A few interesting things about this current decision. The earthquake argument is understandable to some, and confusing to others. It seems to me that the reason for giving this justification for tearing down the old town would sit well with many Chinese and the international community because of the recent disaster in Sichuan. The Uighers of old town, however, while probably not surprised, find this justification confusing or humorous (according to the Uighers around the old town I talked to). They have lived there for over 1000 years, and the old town has survived many earthquakes and has never fallen down. According to one woman I spoke with, she explained that they saw it as a tragedy to their history that they could do nothing about, and they all strongly feel that they were not given accurate justification for why their homes were taken away from them. They also, at least those I talked to, saw this as a direct attack on their culture, a way for the Chinese to further demonstrate their power over the region in light of growing tension and animosity.
But destroying things in the name of progress is certainly not new for China. It was a common practice of the 1960s and 1970s, of course, but the Beijing Olympics and the coming Shanghai Expo saw similar situations: peoples’ houses torn down with little compensation. Many of Beijing’s old hutongs are still inscribed with the kiss of death, the character “chai.” But this destruction in the name of progress differs from these other situations in its direct relation to cultural autonomy and ethnic tensions. Furthermore, if the Id Kah mosque is any indication of how the new Kashgar Old Town will look, it is likely that it will turn into a Lijiang-type tourist old town with little resemblance to anything except another stop for Chinese shoppers and photographers.
As far as this relates to ethnic tension, The Uighers I spoke with about this situation feel relatively hopeless. But it will be interesting to find out how this will affect a city that already feels more Central Asian than Central Asia itself. Perhaps it will spur on new problems, or it will exacerbate the failure an already dying cause.

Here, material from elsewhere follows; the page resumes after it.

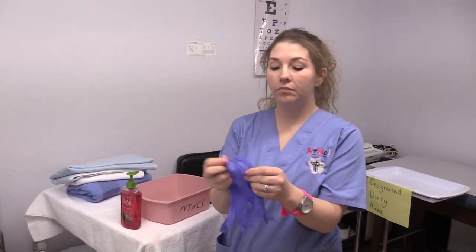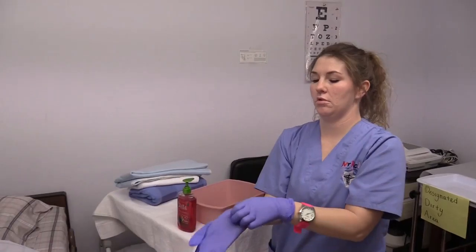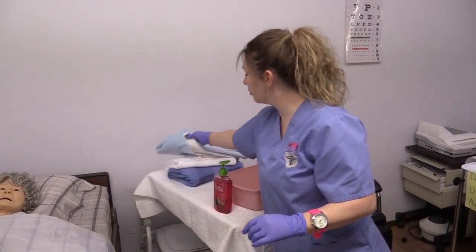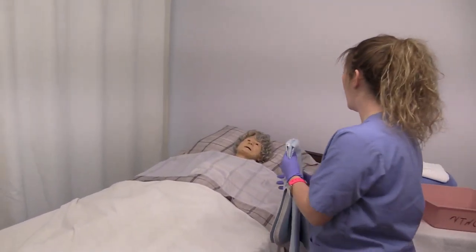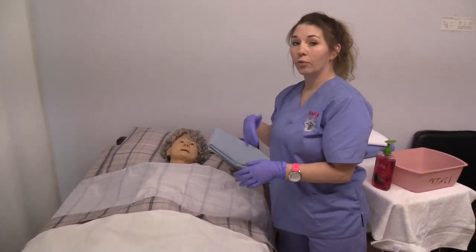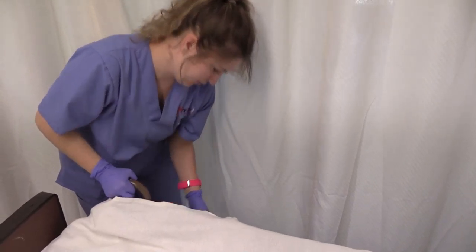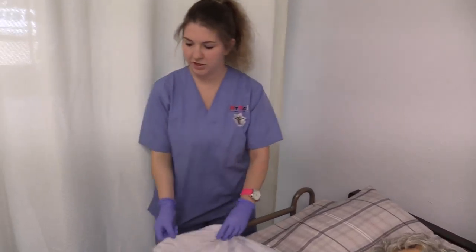Now I will begin the skill by putting my gloves on — putting your less dominant hand on first, then your dominant hand. I am now going to place the pad or chuck underneath the resident to make sure we do not get the bed wet. I'm going to walk over to the other side, raise up the bed rail, and then we will begin rolling her over to place the pad, making sure the bed rail is raised so the patient doesn't fall out.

And as far as the concept of destruction in the face of progress, it is unlikely that this will end any time soon, as cities constantly upgrade. While this resembles most developing countries, I believe, as China takes this concept to a new scale, it is quite representative of current cultural phenomenons regarding a national understanding of progress. China has been trying to define progress for nearly a century, through education, through politics, through revamping of culture, and throughout the 20th century, many have argued that destruction and replacement is the best way to solve nearly any problem. While it may be a stretch to connect this with the destruction of Kashgar old town, it represents this overall way of thinking, that “new” is always better. Of course this is not limited to China. But any kind of nostalgia for old things is lost on most Chinese people; even in Hong Kong, where it seems everything is new and modern, the people rallied together to save the clock tower in Tsim Sha Tsui, a recognition of the importance of old buildings.

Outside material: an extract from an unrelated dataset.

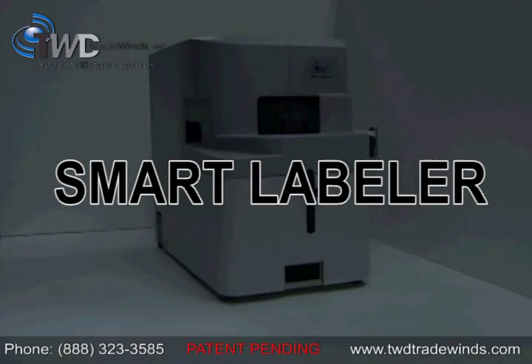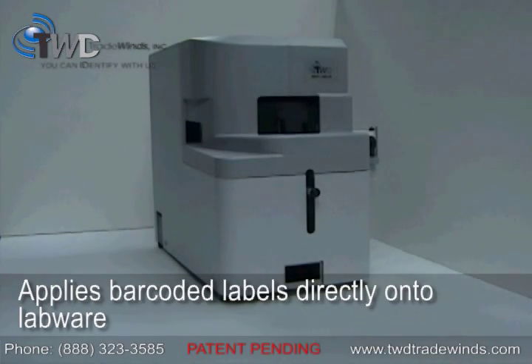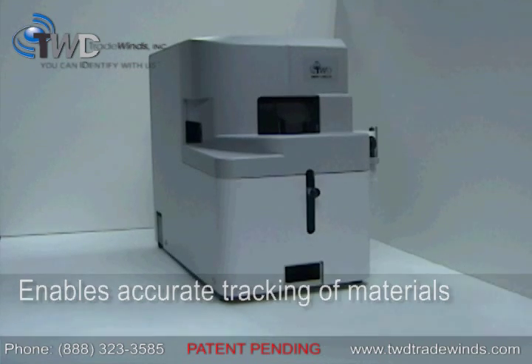TWD Tradewind's new Smart Labeler 1 applies barcoded labels directly onto your labware to increase lab efficiency and enable accurate tracking of materials, all at the touch of a button.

Perhaps this overwhelming desire for the new represents a maintainance of theories of development that were common in the early 1900s, that the most developed countries were the best, and development meant “new.” (even look at publication names: New Life, New Youth, New Women, etc.) Now, instead of worrying about new ideology, this effort of modernity through the new is all put into infrastructure and material things. It will be interesting to see how long this continues, though it is unlikely that the constant construction will end anytime soon (I currently count 5 cities working on new subway lines, and I have no doubt that there are plenty more). However, for the sake of history, I hope that the Chinese cultural understanding of “new” and “modern” will begin to shift.
It would be nice if it was for progress. But this destruction was just for the good name of the government officials, and their desire to leave a legacy. You can’t call what is happening a progress at all.
While the term I used here is used in the propaganda, I think you have to look at the term the way they see it. It seems that for “historic sites” the fact that the buildings themselves aren’t original don’t matter all that much (like Lijiang, or countless temples, or even Xintiandi in Shanghai). It matters that the “original style” is maintained, at least for Chinese tourists. So for them, rebuilding the old town, and “saving it from earthquakes” is progress. It looks cleaner and better for tourism. So I think it depends on who you ask. Obviously, historians wouldn’t consider this progress, and it is very clear the political motivations behind this move.
The clock tower which HKers tried to save is located in Central (Island side), instead of TST (Kowloon side).